You were instructed to include “part-time work such as helping without pay in a family business or on a family farm.
However Uncle Sam stated very clearly- “Do not count housework.”
As if Mom would ever consider that work.
Like most housewives, Mom’s life was seemingly carefree. In the easy-does-it-beauty-without-buffing-self-polishing-wash-and-wear-fast acting-no-bending-no-stretching-no scrubbing-no-rubbing-magically-carefree-push-button world that was the American housewife’s world, she felt like a Queen.
“Well that’s that.” Mom said when she had finished filling out the Census. She spoke in the happy energetic tone of one who has found her mission in life and expects to enjoy it to the full.
She genuinely gloried in her role as the perfect wife and mother. After all, “What kind of woman am I if I don’t feel this fulfillment?”she and her friends would ask themselves.
Mrs. Housewife, they was told again and again in the plethora of articles and ads that appeared in the media, your judgment and taste have helped make the American standard of living the highest in the world!
Why just this very week Newsweek Magazine ran a special scientific report investigating the changing lives of educated women. “Who could ask for anything more?” Newsweek asked in this March 7. 1960 article. “The educated American woman has her brains, her good looks, her car, her freedom…freedom to choose a dress straight from Paris ( original or copy) or to attend a class in ceramics or calculus; freedom to determine the timing of her next baby or who shall be the next President of the U.S.”
Dad always boasted that Mom was the ideal wife- she could balance a checkbook, get out of a restaurant without losing her gloves, wear a pair of stockings twice without developing a run and prevent the Chinese laundry from smashing his shirt buttons and spraying on too much starch.
Although Dad kept nudging her to enter the annual Mrs. America contest sponsored by the American Gas Association, Mom demurred.
The contest was a nationwide search for America’s outstanding homemaker. She was selected on the basis of her ability as a homemaker and her personal attractiveness.
“If your husband boasts about your cooking,” the ad explained, “if your bright new curtains were stitched by hand- and you’re a good homemaker, this contest is for you.”
“ You can be the next Mrs. America!” Dad read out loud looking straight at Mom.
Along with the honor, the grand prize for the best homemaker would include a new Freedom Gas Kitchen and an exciting all expense pleasure trip for Mrs America and her husband to the fabulous Belgian Congo!
Reading further, the ad continued in its description for the ideal American Mrs.
“What is the typical American Woman like?
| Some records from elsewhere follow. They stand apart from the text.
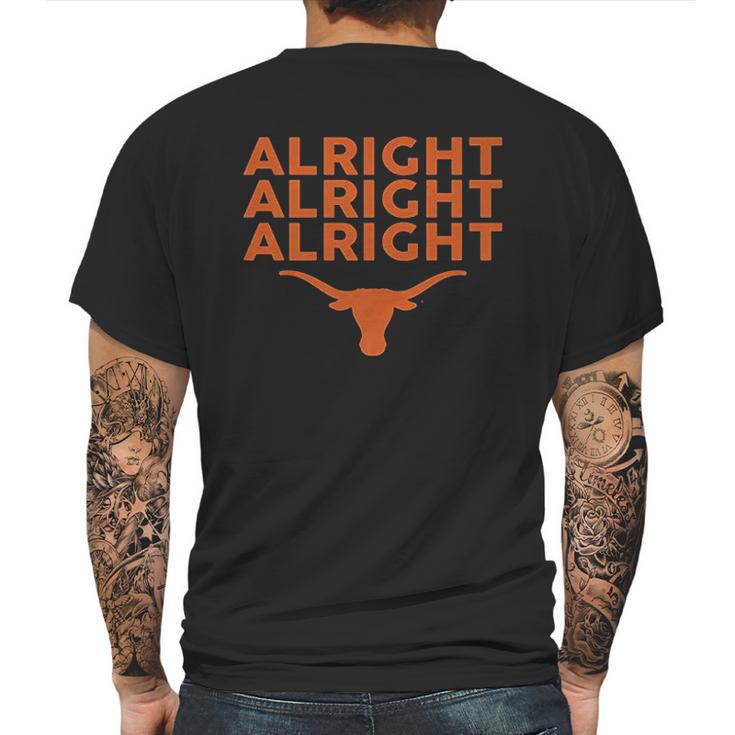 Texas Longhorns Alright Alright Alright Apparel Mens Back Print T-shirt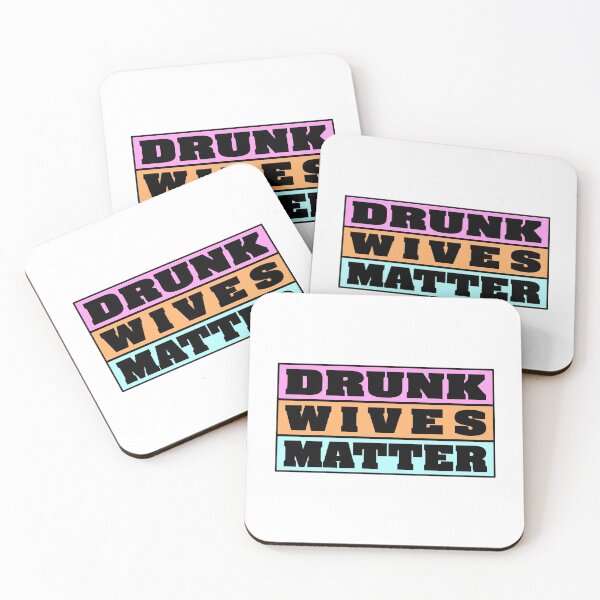 Item preview, Drunk Wives Matter Essential Sticker designed and sold by SW33TSP0T.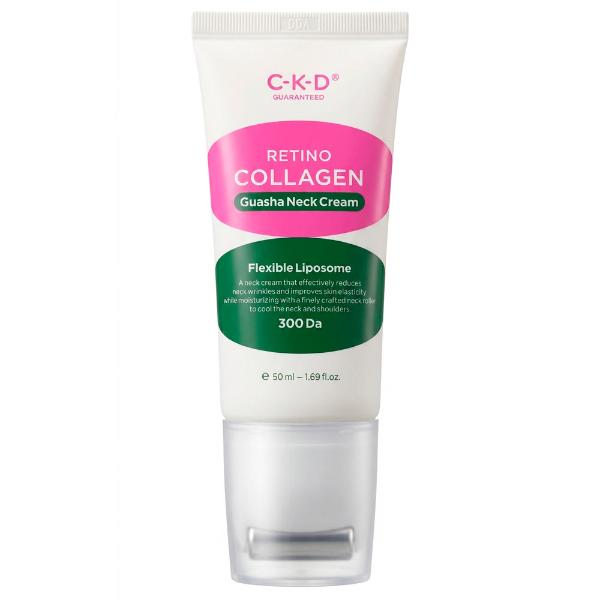 Роликовый крем для массажа шеи с ретиналем CKD Retino Collagen Small Molecule 300 Guasha Neck Cream 50 мл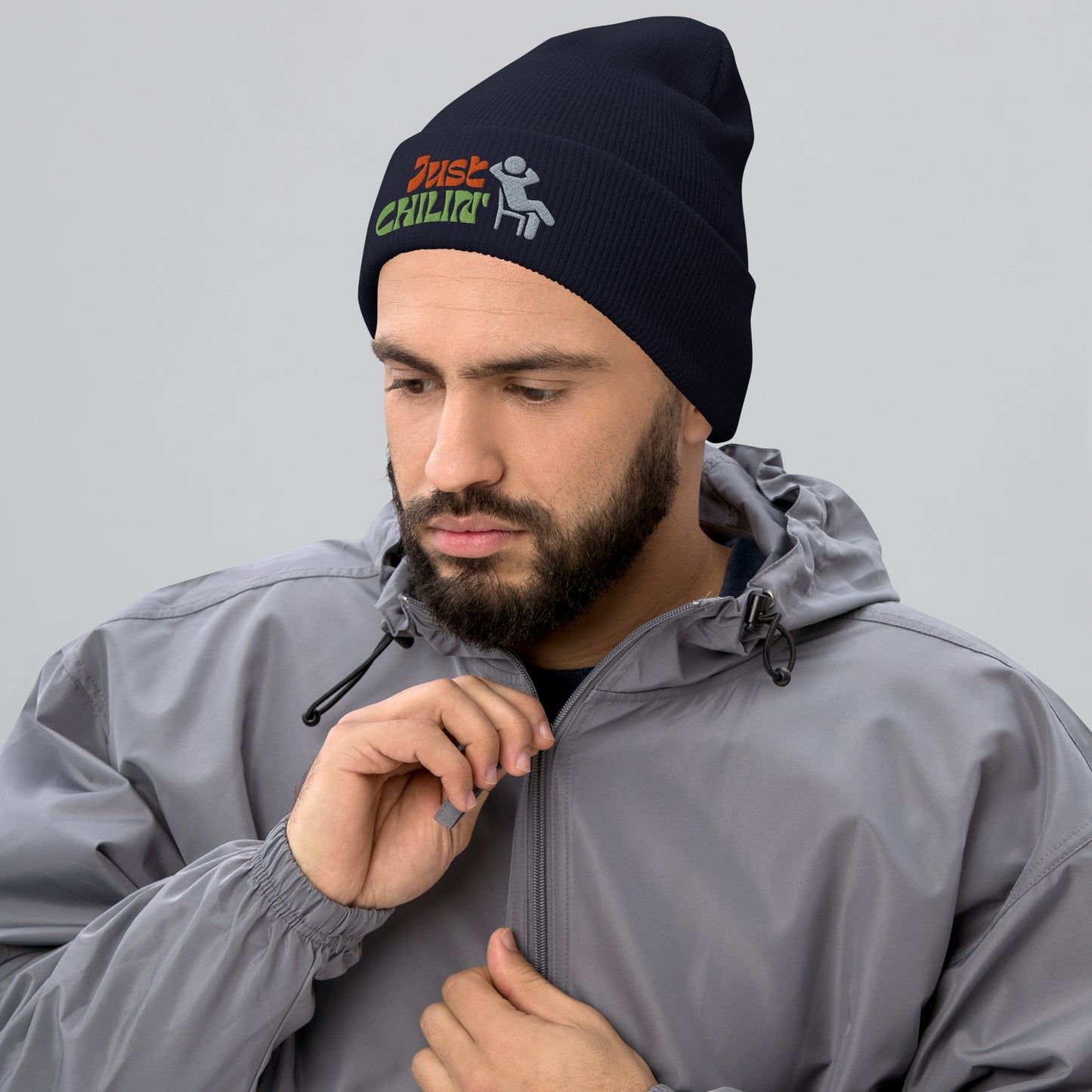 just chillin Cuffed Beanie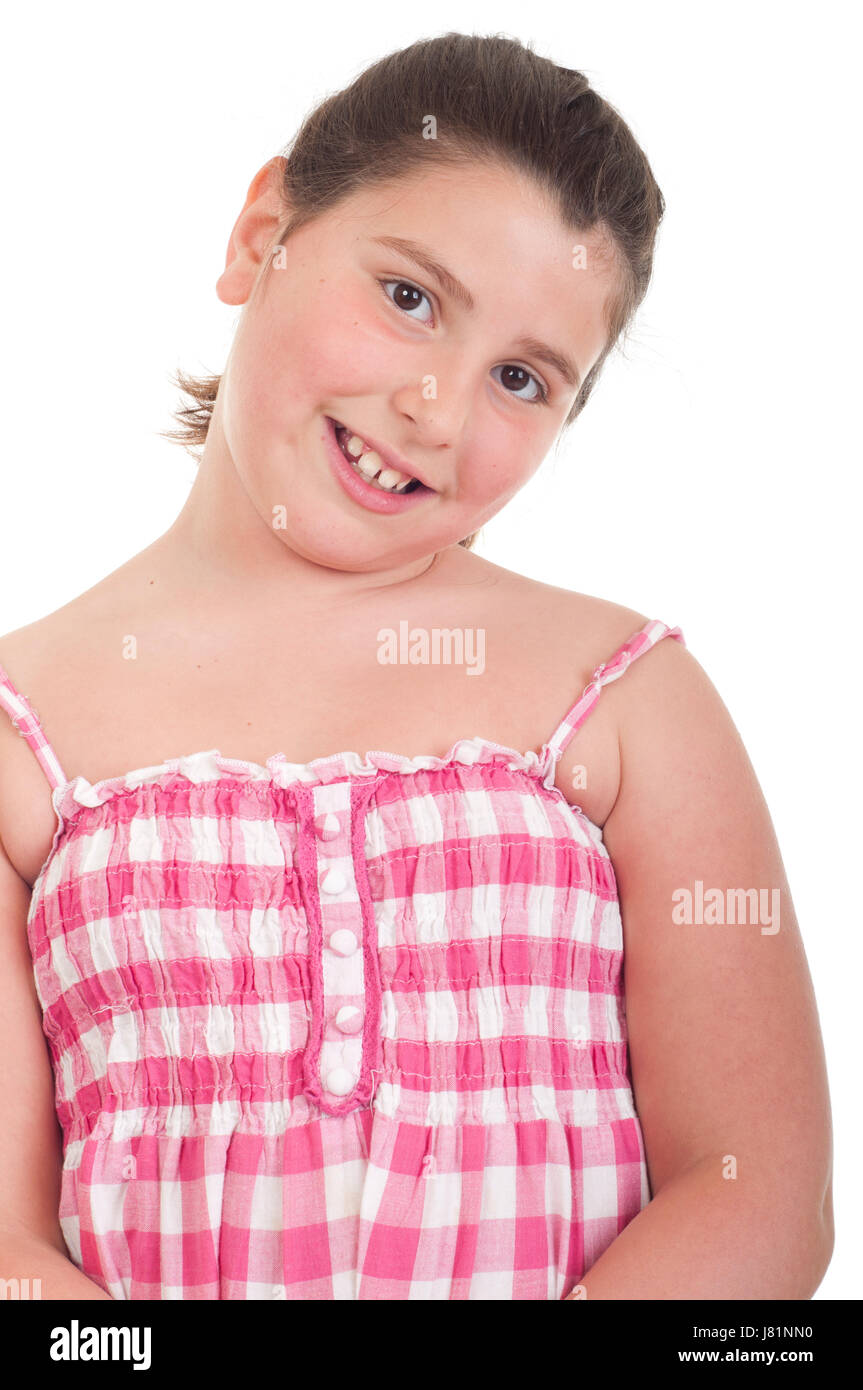 portrait blank european caucasian small tiny little short posing kid young  Stock Photo - Alamy
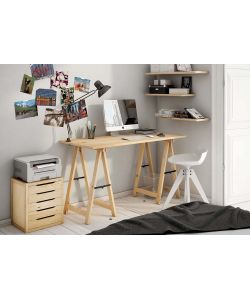 Cavalletto professionale in pino 53 x 35 x 75 cm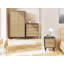 Manila 2 Door Wardrobe 3 Piece Bedroom Set-118371921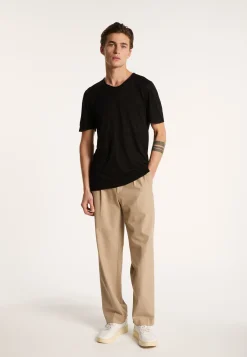 Montagut Flamed linen round neck T-shirt - Renaud
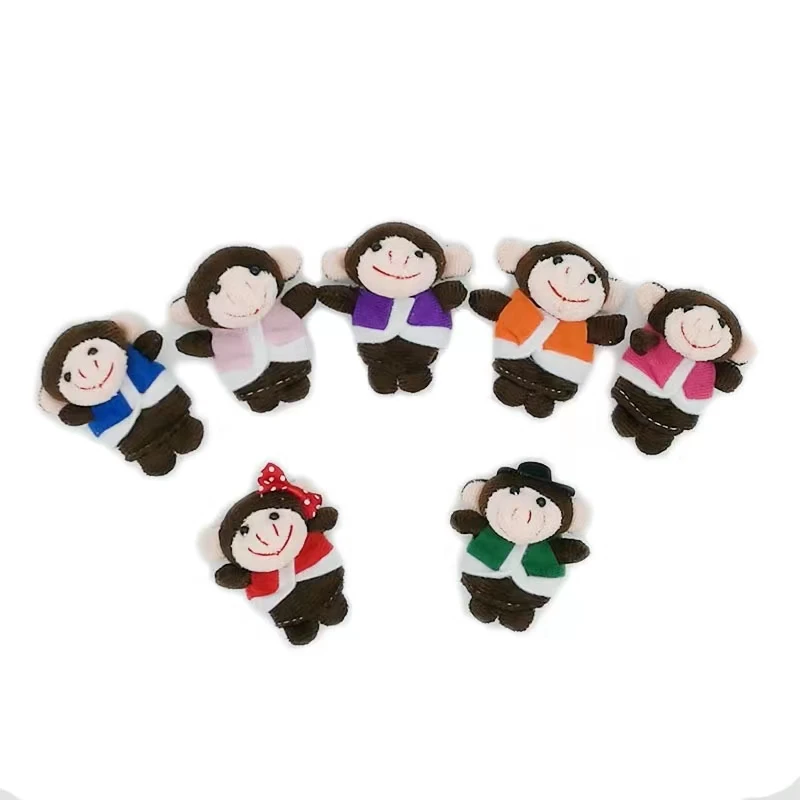 Amazon Hot Sale Monkey Finger Puppets Cartoon Animal Finger Puppets Toys for Baby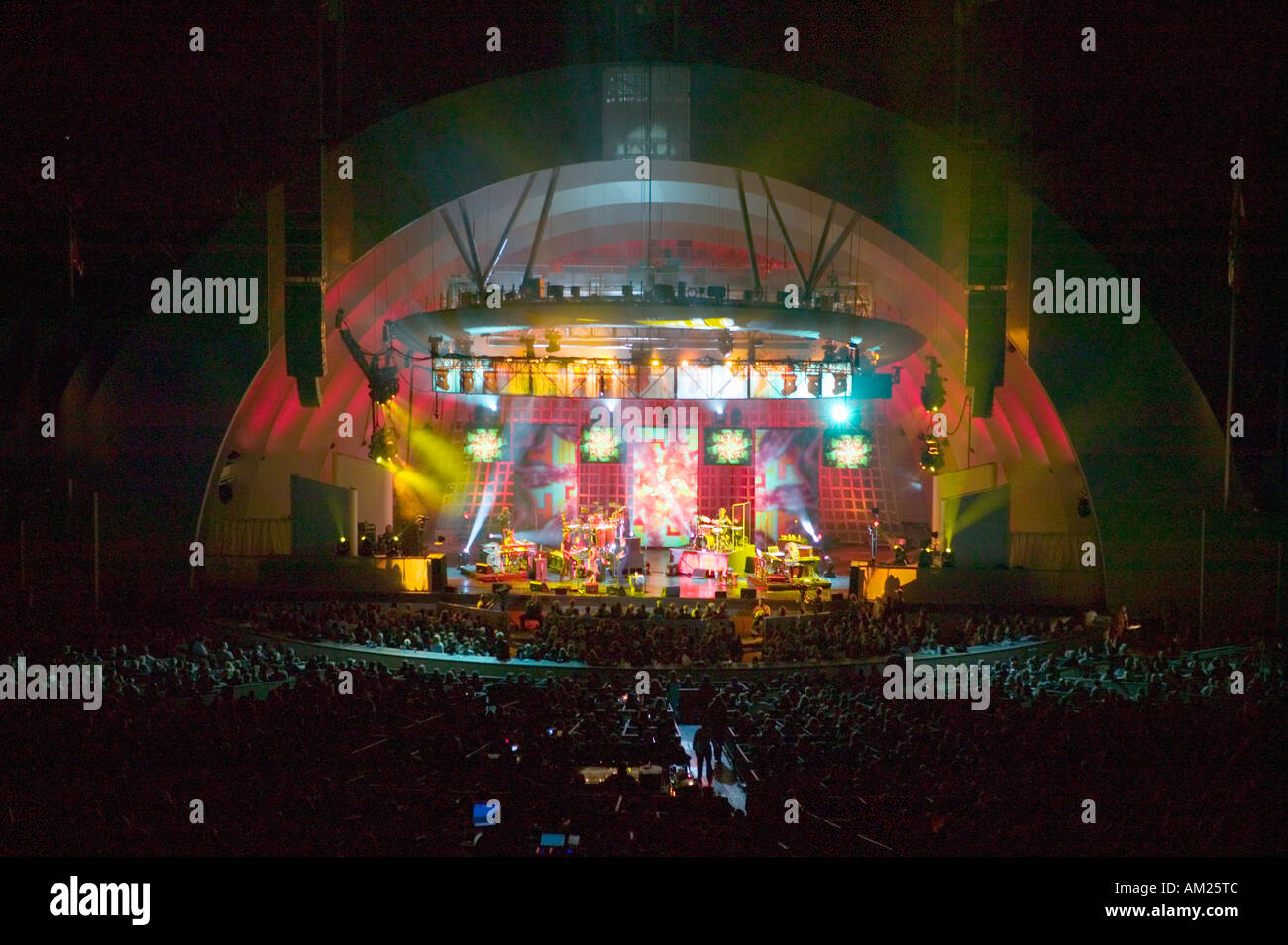 Sting performing at the newly renovated Hollywood Bowl Hollywood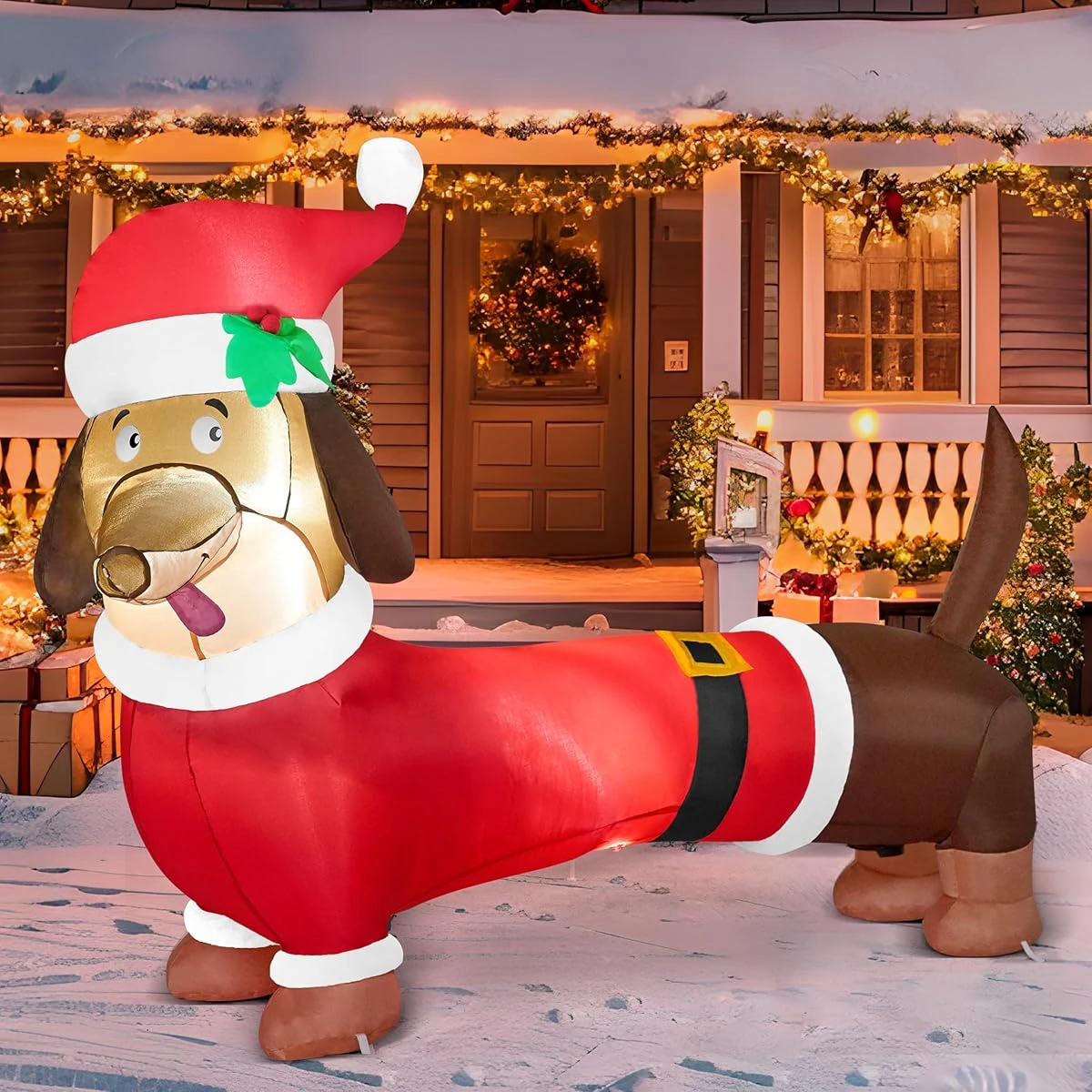Joiedomi 5 FT Christmas Puppy Inflatable Decoratio awhd ca b0771vbhty 1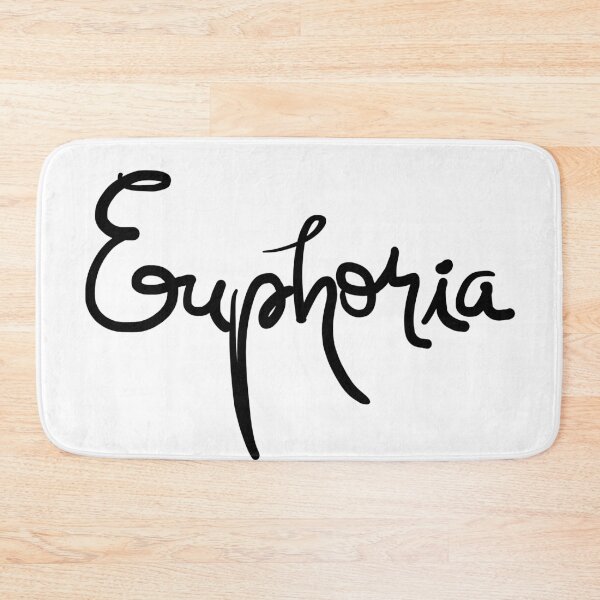 Item preview, Euphoria Lettering Design Black Version designed and sold by Khotekmei.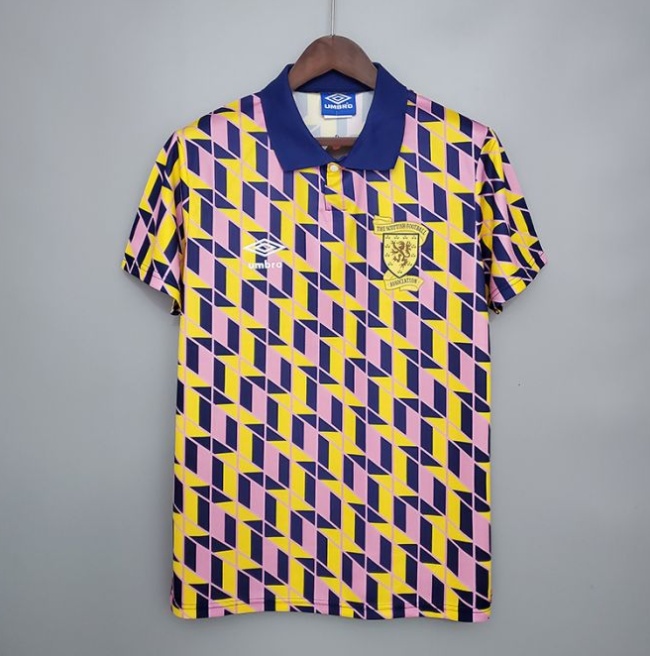 Retro Scotland 1988/89 third away version short sleeve training suit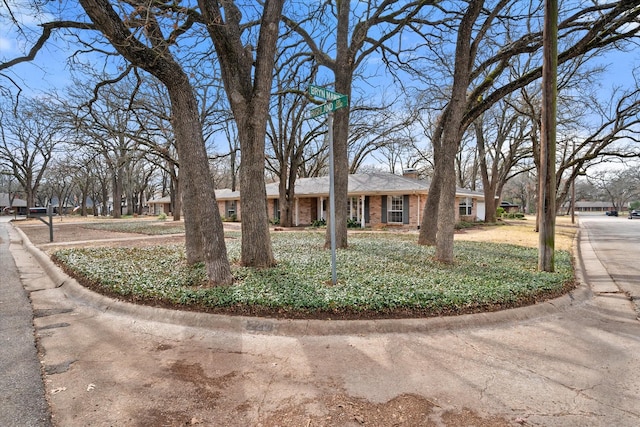 view of single story home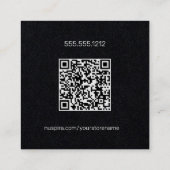 NuSpiraブラック名刺 スクエア名刺 (裏面)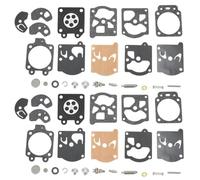 Kit de Reparación de Carburador, Compatible con Walbro WA WT, Carburador Reparación Kit Junta Membrana, para Motosierra Desbrozadora Soplador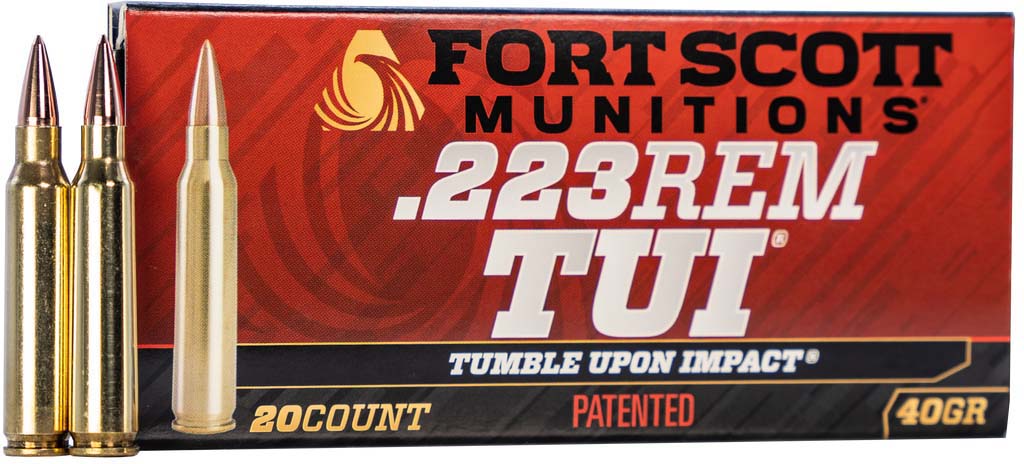 Fort Scott Munitions .223 Rem 40 Grain CNC Machined Copper Brass Rifle Ammunition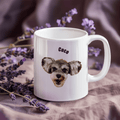 🖼️✨ Taza Personalizada con Foto Recortada de Cara 😊📷 + Nombre 📝☕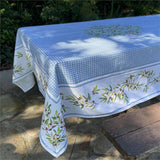 Nyons Blau - Rechteckige acrylbeschichtete Provence-Tischdecke 150 x 250 cm, Outdoor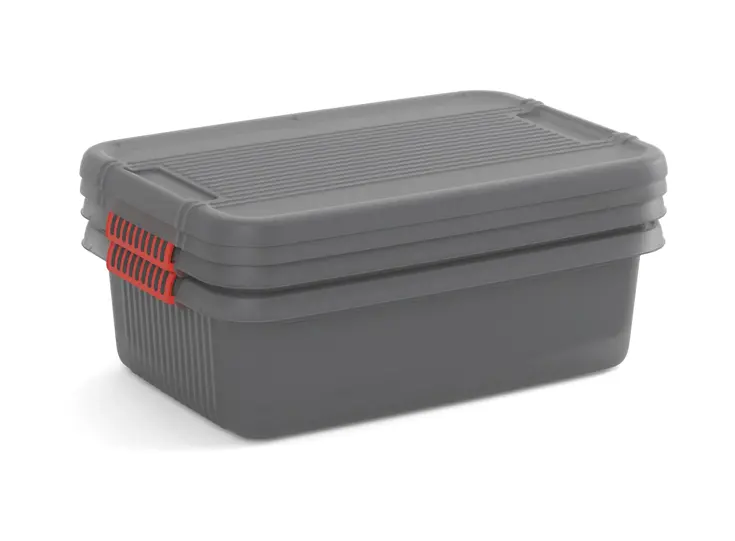 K Latch Opbergbox M - 28L - grijs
We polled top homemakers of the country to find the answer. Is it you? If you love a party, hate doing the dishes and find ironing a bore, you are according to our American Mrs. Quiz, as normal as “blueberry pie.”
Mom grabbed the magazine from Dad and continued reading:
“How does she spend her day?
Most of her day is devoted to her house and family. She has several children and does almost all her own housework alone though she sometimes hires help to give a hand with heavier chores.
The way youngsters love to eat, it’s no wonder that the American Mrs puts cooking at the top of the list of favorite homework. Second best on this list- this surprised us- is cleaning. Sometimes she works outside the home but it’s usually on a limited part-time basis.
Mostly she chooses a profession like church organist, beauty counselor or voice teacher to give creative expression to some special talent.
And when Mrs. America’s mister said ‘till death do us part,” he meant it!
Not one separation in all except in the line of military duties.”
Of course if Mom were to read further in that Newsweek article about the young wife with a brain who seemed to have it all, she would read about the boredom and stagnation that was creeping into the lives of thousands of young wives. “She is dissatisfied with a lot that women of other lands can only dream of,” the magazine reported. “Her discontent is deep, pervasive and impervious to the superficial remedies which are offered at every hand.”